According to Finocchiaro, 1982:5), teaching is trying to keep the students motivation high by using a variety of short activities-four to six different activities-within a 45-minute period cantering around the same teaching point, whether a grammatical feature, a notion, or a function of language, through the cognitive-code theory, that is, the inductive presentation of a linguistic item or category, with tasks and activities that will lead to habit formation of features of pronunciation, morphology, and syntax, which will in turn, lead to fluency and accuracy by focusing more specifically on social communication as the major of objective of language teaching.
Teaching is an interactive process between the teacher and students and among students themselves.

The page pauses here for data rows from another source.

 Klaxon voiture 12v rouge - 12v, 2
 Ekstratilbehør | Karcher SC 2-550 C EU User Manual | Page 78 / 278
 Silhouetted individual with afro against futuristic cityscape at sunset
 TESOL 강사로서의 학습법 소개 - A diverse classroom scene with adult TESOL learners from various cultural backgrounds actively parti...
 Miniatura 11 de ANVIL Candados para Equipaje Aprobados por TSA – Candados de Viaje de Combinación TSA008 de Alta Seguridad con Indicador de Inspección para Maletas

The students need to comprehend the new language, but can best do this when allowed asking about what it is they do not understand rather than rely on their teacher or textbook to anticipate areas of comprehension difficulty and simplify a priority (Pica, 1992:4)

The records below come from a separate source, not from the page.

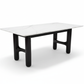 White marble dining table with white background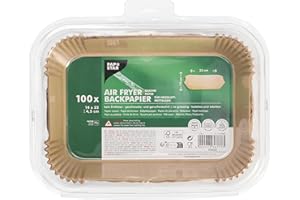 PAPSTAR, 100 papeles de horno de 22 cm x 14 cm x 4,5 cm, color marrón para freidoras de aire caliente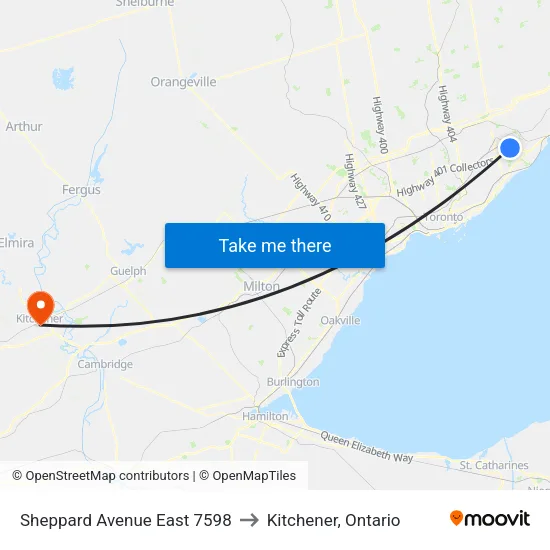 Sheppard Avenue East 7598 to Kitchener, Ontario map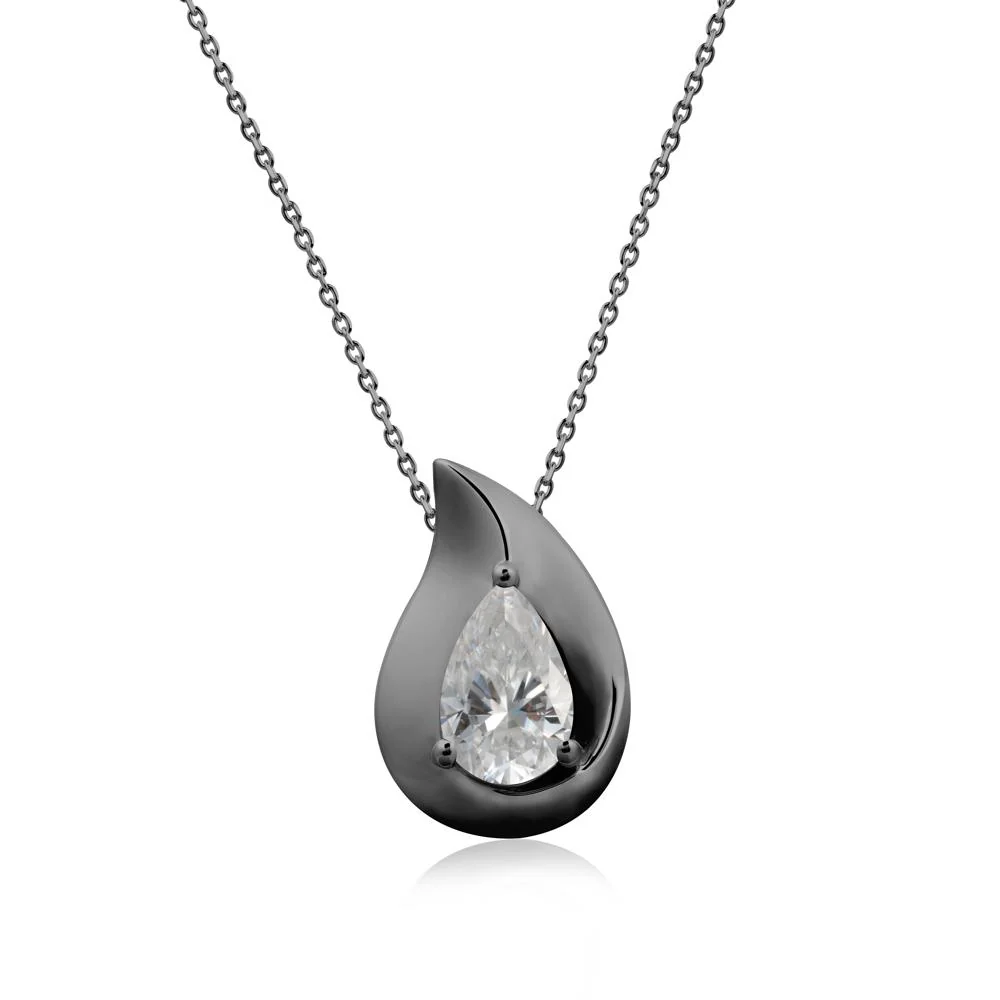 Simple Teardrop Moissanite Necklace - Image 8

Teaching is accompanied by evaluation to know the results of teaching-learning activities because evaluation is a necessary component of all activities, especially in TEFL, whose main objective is to monitor, to help, and to grade the student’s use of the language. (Oller, Jr, 1987: 21)

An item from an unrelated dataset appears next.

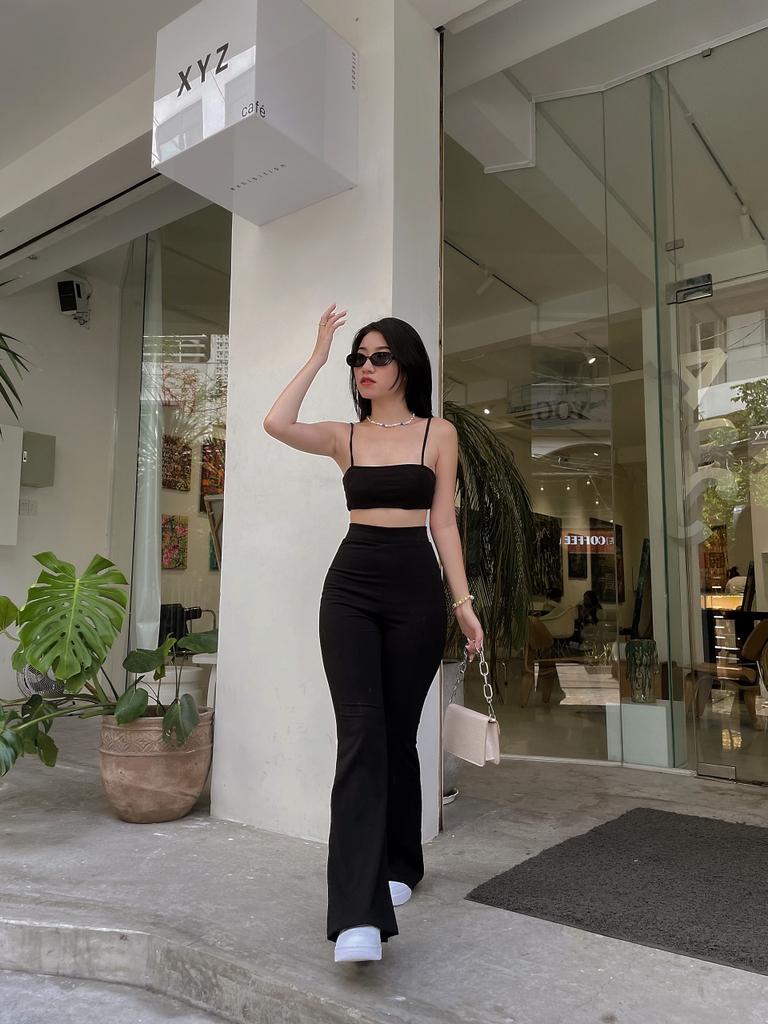 TG - Quần Ống Loe Thun Sọc Tăm Nhỏ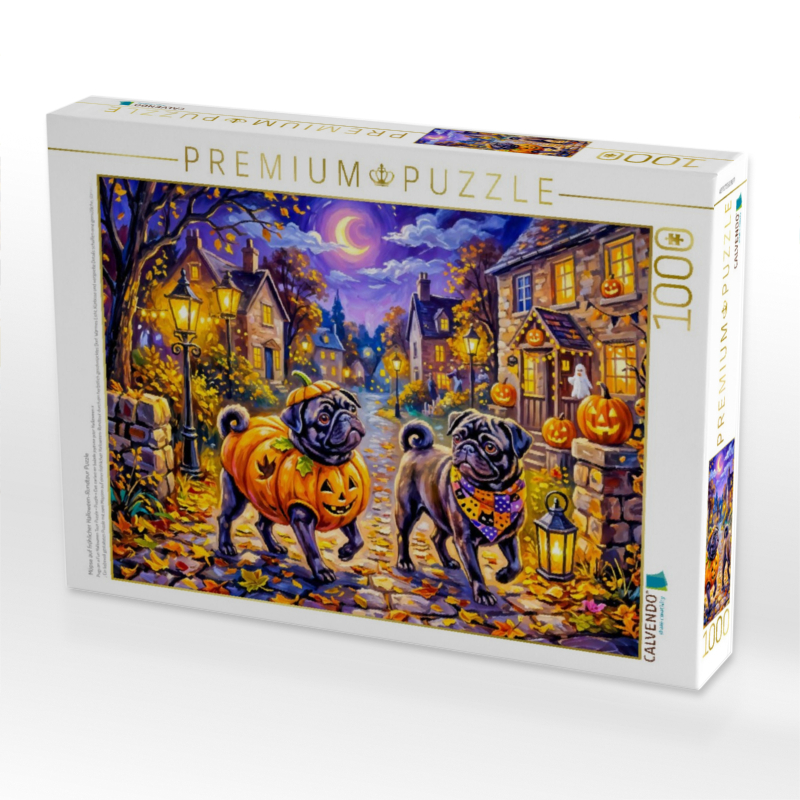 Möpse auf fröhlicher Halloween-Rundtour Puzzle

   Teaching is showing or helping someone to learn, giving instructions; guiding; providing with knowledge; causing to know or understand. (Brown, H. Douglas, 2007:391)

7.2        Concept of Vocabulary
            Vocabulary is a set of LEXEMES, including single words, COMPOUND WORDS and IDIOMS (Richard, Jack: John Platt and Heidi Weber, 1985:307).
            According to Hornby (1974:959), vocabulary is a total number of words which (with rules for combining them) make up the language.
            According to lexical field theory, the vocabulary of a language is essentially a dynamic and well-integrated system of lexemes structured by relationships of meaning. (Howard Jackson, 2000: 14)
            Websters (1988:110 p.9) states that vocabulary is a list of words, usually arranges alphabetically and defined, explained, or translated.
            In learning vocabulary, the learners should emphasize on the aspect of words. The success in learning a foreign language is determined by the size of vocabulary one has learned.
           
7.2.1 The Important of Vocabulary
            Vocabulary is very important in language, a large number of vocabularies are so difficult to learn, and because of that, the teacher should use good method in teaching vocabulary. Since the teaching of English in Indonesia is aimed increasing that teaching vocabulary? The English teacher much takes deep concern of vocabulary lesson. However, vocabulary teaching has not always been very responsive to such problems, and the teachers have not fully recognised the tremendous communicative advantage in developing an extensive vocabulary.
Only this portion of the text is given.